**Data section:**
────────────────
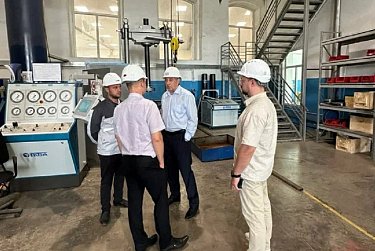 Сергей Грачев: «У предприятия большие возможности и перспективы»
────────────────
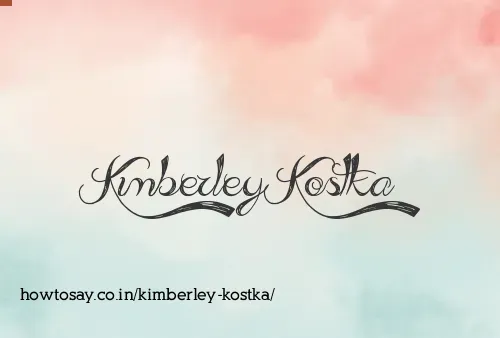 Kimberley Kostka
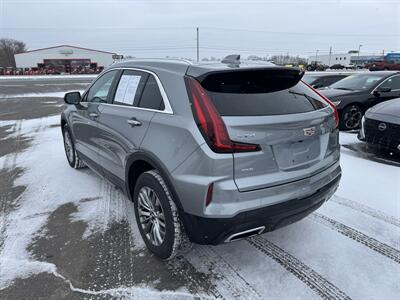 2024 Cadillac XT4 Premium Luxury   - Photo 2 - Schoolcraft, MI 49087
────────────────
Using the data above, set down each line from the line with "Kimberley Kostka" to the line with "2024 Cadillac XT4" exactly, both ends included, and leave the pictures behind. Nothing else belongs.

 Kimberley Kostka
 2024 Cadillac XT4 Premium Luxury   - Photo 2 - Schoolcraft, MI 49087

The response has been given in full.